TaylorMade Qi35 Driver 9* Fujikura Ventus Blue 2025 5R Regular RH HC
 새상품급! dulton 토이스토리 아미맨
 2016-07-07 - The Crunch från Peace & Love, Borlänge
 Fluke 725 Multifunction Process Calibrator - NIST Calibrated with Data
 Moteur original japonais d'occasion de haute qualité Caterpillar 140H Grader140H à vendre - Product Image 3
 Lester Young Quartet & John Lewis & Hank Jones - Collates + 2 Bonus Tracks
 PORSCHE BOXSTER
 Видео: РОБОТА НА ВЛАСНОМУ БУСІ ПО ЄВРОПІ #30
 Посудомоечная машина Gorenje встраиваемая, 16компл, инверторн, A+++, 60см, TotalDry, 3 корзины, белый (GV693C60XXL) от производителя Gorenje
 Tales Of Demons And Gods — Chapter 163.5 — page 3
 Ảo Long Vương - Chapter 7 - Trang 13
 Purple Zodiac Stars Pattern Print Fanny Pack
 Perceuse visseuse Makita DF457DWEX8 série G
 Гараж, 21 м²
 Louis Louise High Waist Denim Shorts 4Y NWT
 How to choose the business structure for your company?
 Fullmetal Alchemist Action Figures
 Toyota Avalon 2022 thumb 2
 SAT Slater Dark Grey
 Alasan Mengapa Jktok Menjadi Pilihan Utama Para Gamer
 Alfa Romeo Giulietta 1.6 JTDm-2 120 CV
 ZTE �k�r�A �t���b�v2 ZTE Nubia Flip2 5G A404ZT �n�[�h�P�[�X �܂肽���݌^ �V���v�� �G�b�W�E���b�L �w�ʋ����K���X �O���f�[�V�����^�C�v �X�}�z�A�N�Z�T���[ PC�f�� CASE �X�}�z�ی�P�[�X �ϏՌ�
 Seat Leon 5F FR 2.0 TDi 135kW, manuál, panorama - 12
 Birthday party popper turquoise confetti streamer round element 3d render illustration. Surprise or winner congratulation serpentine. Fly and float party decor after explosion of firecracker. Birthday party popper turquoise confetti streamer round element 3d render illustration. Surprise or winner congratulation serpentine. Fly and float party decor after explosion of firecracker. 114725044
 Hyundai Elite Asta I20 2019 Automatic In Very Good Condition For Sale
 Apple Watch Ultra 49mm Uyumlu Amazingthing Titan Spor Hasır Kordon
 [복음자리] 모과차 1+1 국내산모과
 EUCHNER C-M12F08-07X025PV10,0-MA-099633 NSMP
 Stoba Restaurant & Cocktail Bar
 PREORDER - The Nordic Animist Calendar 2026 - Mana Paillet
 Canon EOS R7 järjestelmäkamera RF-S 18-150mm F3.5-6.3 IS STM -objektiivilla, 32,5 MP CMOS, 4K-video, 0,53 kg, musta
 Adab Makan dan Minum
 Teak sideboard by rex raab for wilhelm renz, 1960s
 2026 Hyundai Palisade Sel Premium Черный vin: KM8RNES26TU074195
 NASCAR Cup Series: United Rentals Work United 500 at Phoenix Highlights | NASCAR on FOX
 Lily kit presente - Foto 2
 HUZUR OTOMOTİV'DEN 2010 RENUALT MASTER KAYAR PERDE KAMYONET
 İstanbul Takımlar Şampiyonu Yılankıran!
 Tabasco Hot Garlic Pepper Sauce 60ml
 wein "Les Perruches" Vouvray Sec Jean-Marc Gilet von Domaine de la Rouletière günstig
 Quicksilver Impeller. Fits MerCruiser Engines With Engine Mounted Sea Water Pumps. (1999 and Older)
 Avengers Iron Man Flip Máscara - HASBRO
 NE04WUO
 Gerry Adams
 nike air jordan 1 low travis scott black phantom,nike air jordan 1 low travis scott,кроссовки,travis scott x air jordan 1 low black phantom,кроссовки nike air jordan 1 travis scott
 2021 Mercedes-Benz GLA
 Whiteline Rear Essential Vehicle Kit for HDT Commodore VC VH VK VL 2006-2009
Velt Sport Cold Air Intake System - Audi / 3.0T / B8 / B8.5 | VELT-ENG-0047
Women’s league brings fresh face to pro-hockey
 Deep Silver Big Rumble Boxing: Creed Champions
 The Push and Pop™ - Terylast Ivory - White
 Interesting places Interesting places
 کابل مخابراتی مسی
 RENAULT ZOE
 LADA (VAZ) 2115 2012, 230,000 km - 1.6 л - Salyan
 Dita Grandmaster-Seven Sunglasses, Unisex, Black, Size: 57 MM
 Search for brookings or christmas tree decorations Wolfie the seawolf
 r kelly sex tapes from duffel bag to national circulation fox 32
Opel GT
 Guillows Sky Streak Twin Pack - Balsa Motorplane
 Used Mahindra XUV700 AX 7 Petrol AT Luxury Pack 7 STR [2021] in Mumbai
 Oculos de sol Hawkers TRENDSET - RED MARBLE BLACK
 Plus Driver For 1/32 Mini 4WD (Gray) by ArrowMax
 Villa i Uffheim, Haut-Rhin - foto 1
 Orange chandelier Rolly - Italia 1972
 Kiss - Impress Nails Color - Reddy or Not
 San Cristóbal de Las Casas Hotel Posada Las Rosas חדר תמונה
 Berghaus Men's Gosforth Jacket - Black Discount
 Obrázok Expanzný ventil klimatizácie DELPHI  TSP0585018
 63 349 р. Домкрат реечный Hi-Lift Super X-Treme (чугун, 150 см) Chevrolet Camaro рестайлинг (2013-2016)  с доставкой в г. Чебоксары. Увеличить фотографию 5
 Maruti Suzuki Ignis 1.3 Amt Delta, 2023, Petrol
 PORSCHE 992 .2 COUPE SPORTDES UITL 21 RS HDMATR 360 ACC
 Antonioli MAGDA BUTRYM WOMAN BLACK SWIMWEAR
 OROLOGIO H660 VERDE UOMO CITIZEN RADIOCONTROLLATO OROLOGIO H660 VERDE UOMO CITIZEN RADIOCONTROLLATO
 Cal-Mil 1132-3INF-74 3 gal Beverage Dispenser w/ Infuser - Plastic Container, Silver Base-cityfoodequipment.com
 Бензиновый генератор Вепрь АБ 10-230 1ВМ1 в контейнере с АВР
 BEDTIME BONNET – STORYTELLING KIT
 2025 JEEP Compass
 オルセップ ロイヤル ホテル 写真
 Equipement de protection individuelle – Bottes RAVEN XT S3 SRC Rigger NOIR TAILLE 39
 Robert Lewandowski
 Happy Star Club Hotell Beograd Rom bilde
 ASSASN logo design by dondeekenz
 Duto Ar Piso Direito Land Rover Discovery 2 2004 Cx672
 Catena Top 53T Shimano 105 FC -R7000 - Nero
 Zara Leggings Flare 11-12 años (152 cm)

================================

• [Problem description] Where a line of the records has the string "Pack", return that line.

• [Output for this task]
 Purple Zodiac Stars Pattern Print Fanny Pack
 Guillows Sky Streak Twin Pack - Balsa Motorplane
 Used Mahindra XUV700 AX 7 Petrol AT Luxury Pack 7 STR [2021] in Mumbai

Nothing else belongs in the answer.